なかでも「である」「〜だ」という表現は、書き手が迷いなく、読者に伝えたいことと言えます。
説明的文章で、書き手の言おうとしていることがわからなくなってきたら、断定表現だけを拾い読みしていくと、全体で言わんとしていることが見えてくることがあります。
とくに高校生以上の授業で文章の構造を分析するときには、断定表現にマークをつけて、「見える化」する作業をしていたくらい、文章の内容を理解するうえで大事な表現でもあります。
文末表現はあなどれない
断定表現以外の文末表現がすぐに思い浮かぶという人はいるでしょうか?
案外すぐに思いつかないのではないでしょうか。

『東大合格者が身につけた 一生使える「読み方スキル」』(著:市野瀬早織/東洋経済新報社)

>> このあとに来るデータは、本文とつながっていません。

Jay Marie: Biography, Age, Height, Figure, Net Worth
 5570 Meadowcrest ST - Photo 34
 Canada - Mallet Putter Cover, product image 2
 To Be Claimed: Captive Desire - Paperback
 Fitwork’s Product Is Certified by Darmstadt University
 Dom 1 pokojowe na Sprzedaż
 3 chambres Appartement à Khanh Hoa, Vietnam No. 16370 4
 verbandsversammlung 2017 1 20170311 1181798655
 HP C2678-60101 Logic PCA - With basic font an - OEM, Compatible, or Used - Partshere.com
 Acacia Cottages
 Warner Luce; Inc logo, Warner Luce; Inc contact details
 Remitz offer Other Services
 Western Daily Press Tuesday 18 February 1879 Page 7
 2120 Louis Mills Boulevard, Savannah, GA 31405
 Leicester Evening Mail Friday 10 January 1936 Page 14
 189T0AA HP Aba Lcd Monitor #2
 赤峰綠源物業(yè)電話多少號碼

なぜかというと、ほとんどの人が「文末の表現に意識的ではない」のが現状だからです。
文末表現は、意味とその区別を知っておくと、いっきに文章が読みやすくなる、あなどれない表現です。ぜひ、注目してみていただきたいです。
「断定表現」=書き手がとくに印象に残したいところ
まず、断定表現と並べてその違いを理解しておきたいのが「推量表現」です。
推量表現というのは、漢字の意味どおり「推し量る」こと。
推量……物事の事情・状態・程度や他人の心情などをおしはかること
(『明鏡国語辞典 携帯版』より)
「あの子は君のことが好きだ」
「あの子は君のことが好きだろう」
たとえば、この2つの似た表現でも意味するところが違うのは一目瞭然ですね。
前者であればより相手を意識するでしょうが、後者であれば相手の気持ちを確かめたくなるかもしれません。
つまり、断定表現は書き手が自分の言いたいことを書き記している中でも、とくに強く印象に残したいところであることを表しているのです。その意味でも、より注意深く読む必要があるとわかっていただけるのではないでしょうか。
断定表現を繰り返す『吾輩は猫である』の効果
かの有名な夏目漱石の小説『吾輩は猫である』は、主人公とも言える「吾輩」の主張が「である」を文末表現に据えた短文を繰り返していることでも有名です。
断定表現を積み重ねることによって、より「吾輩」の考え、趣味・嗜好が読者に明確に伝わっていると思うのは私だけでしょうか。
「……だ」「……である」で終わる文は、推量表現の「そうかもしれないし、そうでないかもしれない」、そんな曖昧さとは違います。読者にはっきりと、物語の内容を頭の中に思い描かせてくれる、そんな役割をもっているのです。
世の中の出来事は何事も、断定できることのほうが少ないのではないかと個人的には思いますし、トラブルを避けるためにも、断定表現が避けられることもあるようです。
だからこそ、断定されている箇所は、それ相応の書き手の想いの乗った「主張」であるということになるでしょう。
※本稿は、『東大合格者が身につけた 一生使える「読み方スキル」』(東洋経済新報社)の一部を再編集したものです。